TL-X syntax is intentionally rigid. With a few exceptions, this specification defines the syntax of properly-formatted TL-X files and leaves interpretation and handling of improperly-formatted files to the discretion of the TL-X processor.
A TL-X file begins with a file format line, similar to a "magic number" that identifies the TL-X language version, and target HDL used in the file.
The remainder of the file is organized in regions that are either HDL regions or TL-X regions. HDL regions contain native HDL code. TL-X regions enable the TL-X language extension. There are also HDL_plus regions that utilize the target HDL’s syntax with the ability to reference TL-X signals. These exists to ease manual conversions of HDL code to TL-X, and to provide access to native HDL features that are not accessible in TL-X regions.

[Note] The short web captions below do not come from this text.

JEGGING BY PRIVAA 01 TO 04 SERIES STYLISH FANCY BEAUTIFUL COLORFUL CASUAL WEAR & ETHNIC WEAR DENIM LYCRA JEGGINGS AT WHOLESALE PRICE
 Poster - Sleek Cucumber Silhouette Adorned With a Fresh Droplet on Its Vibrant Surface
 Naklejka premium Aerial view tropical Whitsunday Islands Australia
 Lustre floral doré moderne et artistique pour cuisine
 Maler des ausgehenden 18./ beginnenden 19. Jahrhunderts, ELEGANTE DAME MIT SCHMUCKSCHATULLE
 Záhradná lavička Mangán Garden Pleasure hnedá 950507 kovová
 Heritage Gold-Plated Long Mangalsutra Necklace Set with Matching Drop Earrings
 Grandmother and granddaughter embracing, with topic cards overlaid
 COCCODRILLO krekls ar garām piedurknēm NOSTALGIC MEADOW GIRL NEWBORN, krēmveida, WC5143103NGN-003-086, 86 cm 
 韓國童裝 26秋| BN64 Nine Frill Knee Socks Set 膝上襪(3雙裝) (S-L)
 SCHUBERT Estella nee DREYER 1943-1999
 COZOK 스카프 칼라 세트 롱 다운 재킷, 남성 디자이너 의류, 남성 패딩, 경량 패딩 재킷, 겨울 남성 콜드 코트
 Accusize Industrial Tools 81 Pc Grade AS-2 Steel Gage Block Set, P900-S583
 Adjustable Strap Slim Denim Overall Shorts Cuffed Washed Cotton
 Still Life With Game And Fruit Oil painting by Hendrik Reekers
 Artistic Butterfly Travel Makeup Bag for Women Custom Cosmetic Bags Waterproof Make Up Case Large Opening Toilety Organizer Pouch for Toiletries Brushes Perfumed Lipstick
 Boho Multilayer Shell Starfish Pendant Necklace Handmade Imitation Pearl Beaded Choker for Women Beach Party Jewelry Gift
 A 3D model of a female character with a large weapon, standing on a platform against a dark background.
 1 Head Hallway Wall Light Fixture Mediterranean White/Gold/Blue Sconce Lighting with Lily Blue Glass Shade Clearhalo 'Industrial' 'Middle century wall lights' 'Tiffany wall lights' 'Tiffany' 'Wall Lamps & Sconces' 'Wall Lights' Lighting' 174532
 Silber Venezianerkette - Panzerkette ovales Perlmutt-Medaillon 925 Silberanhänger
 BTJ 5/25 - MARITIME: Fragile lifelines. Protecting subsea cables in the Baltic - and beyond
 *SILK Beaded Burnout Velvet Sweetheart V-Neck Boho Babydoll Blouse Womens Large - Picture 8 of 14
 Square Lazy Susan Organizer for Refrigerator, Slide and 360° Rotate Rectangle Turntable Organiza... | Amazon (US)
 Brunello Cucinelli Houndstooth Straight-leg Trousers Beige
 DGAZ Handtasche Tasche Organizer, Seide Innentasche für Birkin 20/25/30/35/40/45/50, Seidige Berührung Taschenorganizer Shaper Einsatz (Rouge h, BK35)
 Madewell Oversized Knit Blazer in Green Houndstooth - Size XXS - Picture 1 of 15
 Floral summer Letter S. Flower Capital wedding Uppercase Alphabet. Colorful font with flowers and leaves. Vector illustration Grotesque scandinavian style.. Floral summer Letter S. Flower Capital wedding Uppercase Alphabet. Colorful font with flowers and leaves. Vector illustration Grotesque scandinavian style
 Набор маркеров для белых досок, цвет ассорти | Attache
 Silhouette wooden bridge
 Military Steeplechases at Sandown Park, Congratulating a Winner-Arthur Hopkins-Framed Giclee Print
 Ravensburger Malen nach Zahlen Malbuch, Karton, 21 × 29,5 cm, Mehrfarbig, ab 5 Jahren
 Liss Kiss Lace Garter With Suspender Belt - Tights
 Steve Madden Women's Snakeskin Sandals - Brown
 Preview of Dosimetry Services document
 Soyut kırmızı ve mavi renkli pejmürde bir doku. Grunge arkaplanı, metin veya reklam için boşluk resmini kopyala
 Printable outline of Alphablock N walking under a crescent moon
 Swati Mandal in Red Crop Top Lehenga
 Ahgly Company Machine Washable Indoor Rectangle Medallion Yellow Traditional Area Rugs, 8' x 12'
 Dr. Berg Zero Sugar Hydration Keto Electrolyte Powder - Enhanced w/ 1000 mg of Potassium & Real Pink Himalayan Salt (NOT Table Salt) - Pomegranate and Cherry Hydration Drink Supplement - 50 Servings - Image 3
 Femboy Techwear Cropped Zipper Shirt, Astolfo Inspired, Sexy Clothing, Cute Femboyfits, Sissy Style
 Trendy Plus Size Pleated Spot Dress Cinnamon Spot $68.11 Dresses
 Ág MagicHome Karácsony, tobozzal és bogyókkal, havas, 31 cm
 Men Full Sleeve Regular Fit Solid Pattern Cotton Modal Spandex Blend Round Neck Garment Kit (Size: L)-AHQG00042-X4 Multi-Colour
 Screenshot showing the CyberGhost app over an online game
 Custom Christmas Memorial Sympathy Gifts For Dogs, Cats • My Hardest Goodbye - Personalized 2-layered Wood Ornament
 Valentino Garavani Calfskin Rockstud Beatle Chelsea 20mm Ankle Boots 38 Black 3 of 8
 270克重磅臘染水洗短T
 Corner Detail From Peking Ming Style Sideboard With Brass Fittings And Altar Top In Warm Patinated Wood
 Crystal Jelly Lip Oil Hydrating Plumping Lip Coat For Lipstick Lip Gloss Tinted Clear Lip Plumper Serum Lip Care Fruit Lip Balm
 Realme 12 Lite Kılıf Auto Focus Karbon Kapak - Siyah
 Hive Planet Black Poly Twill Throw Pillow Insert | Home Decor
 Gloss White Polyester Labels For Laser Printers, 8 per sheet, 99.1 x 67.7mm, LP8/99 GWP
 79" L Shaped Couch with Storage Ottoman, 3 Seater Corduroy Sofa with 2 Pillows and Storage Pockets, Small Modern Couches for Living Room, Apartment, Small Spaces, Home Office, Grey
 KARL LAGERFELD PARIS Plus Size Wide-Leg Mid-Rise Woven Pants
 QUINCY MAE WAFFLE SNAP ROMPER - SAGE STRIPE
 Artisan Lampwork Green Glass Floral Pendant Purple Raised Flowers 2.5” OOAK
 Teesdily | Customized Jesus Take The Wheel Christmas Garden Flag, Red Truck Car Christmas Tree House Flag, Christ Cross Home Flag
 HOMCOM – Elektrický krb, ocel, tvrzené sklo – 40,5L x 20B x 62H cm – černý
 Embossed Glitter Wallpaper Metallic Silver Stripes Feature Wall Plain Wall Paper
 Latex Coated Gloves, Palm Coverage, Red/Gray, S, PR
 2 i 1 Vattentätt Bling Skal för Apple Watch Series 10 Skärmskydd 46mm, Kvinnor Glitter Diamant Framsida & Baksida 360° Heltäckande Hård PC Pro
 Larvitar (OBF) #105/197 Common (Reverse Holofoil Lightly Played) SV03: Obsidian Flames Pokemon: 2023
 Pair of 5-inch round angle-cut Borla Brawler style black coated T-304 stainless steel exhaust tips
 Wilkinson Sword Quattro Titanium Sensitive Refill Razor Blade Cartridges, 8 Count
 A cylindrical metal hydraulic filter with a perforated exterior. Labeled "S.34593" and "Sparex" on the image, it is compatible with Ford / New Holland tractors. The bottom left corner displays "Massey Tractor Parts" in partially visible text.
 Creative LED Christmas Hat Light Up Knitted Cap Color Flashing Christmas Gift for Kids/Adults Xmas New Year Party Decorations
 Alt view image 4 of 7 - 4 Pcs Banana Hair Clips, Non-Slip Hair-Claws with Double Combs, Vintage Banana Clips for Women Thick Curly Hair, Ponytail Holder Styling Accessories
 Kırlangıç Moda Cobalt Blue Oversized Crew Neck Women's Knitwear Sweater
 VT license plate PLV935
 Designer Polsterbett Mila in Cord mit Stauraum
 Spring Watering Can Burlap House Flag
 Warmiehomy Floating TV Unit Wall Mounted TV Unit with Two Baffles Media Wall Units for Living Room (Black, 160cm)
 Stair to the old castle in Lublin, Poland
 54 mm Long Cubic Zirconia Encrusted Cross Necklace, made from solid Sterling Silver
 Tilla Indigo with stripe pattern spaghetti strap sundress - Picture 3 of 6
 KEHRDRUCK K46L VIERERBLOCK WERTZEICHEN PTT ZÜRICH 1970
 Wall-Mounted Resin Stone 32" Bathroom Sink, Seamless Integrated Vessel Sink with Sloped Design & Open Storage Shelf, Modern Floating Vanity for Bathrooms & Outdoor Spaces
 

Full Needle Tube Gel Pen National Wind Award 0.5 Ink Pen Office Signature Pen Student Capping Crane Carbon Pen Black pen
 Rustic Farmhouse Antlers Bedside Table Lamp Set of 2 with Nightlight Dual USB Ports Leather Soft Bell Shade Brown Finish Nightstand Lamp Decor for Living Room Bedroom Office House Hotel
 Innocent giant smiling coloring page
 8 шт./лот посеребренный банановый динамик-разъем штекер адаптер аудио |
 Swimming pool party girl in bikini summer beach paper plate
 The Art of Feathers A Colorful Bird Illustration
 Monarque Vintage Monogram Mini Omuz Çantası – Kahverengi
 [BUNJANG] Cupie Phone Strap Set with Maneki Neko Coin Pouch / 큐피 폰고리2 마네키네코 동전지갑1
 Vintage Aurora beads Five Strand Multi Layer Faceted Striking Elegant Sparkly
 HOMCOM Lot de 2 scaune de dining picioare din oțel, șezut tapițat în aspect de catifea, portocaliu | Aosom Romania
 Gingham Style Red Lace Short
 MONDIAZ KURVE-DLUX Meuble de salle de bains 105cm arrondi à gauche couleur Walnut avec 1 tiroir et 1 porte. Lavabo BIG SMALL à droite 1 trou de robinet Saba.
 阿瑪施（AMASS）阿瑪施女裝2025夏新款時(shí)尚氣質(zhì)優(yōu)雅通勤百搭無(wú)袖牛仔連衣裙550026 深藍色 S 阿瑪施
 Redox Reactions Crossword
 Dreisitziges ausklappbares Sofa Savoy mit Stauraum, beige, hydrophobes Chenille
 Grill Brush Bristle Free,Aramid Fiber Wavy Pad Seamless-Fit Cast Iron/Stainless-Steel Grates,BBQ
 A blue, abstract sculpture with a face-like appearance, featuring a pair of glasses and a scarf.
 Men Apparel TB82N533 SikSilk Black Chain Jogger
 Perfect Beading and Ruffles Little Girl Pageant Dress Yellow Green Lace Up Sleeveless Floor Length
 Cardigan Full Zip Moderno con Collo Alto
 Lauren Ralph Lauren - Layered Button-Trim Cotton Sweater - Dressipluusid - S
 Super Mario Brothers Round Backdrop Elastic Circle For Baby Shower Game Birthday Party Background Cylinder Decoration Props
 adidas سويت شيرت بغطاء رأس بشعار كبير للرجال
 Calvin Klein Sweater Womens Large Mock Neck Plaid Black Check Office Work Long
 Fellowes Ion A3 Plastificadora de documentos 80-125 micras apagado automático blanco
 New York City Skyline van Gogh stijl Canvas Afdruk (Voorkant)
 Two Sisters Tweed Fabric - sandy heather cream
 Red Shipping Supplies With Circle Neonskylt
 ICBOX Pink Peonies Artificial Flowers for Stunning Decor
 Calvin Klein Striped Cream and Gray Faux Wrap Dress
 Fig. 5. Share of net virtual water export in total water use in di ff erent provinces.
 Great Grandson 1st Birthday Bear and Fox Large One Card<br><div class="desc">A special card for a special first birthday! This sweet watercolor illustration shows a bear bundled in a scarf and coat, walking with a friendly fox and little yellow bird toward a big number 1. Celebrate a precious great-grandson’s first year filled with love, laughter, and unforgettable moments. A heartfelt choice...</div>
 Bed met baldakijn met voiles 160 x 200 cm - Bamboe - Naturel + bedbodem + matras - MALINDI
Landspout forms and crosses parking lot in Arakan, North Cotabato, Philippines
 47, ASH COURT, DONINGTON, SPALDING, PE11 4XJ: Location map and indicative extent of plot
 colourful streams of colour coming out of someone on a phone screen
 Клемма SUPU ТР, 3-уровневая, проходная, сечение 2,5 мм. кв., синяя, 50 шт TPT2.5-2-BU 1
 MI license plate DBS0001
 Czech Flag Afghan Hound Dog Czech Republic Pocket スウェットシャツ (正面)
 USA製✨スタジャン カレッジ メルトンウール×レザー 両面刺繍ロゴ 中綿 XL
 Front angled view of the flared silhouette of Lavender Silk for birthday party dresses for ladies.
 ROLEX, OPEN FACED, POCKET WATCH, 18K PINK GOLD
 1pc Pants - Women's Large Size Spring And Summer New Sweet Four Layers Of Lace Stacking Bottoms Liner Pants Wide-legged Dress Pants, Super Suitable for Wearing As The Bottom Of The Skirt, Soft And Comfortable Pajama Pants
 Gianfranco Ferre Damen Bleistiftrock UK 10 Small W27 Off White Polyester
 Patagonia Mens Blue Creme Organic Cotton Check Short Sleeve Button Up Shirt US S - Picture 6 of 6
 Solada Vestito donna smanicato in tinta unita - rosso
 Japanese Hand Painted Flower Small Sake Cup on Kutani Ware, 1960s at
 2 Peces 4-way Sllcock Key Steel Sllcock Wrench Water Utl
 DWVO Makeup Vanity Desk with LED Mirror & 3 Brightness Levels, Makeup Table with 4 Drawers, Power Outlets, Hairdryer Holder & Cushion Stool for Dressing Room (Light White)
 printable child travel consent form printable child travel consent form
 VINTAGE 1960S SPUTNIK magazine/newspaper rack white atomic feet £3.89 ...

A TL-X file is expected to define a module in the target HDL. It should begin with an HDL region defining the module interface and end with an HDL region terminating the module definition.
The body of the module can be defined in a single TL-X code region. Lower-level module instantiations can be made from within the TL-X code. HDL and HDL_plus code regions might be used within the module body as well to:
A TL-X region provides logic in assignment statements in the context of hierarchy, pipelines, and pipestages. This context is provided via scope lines, where each level of scope introduces indentation of three spaces.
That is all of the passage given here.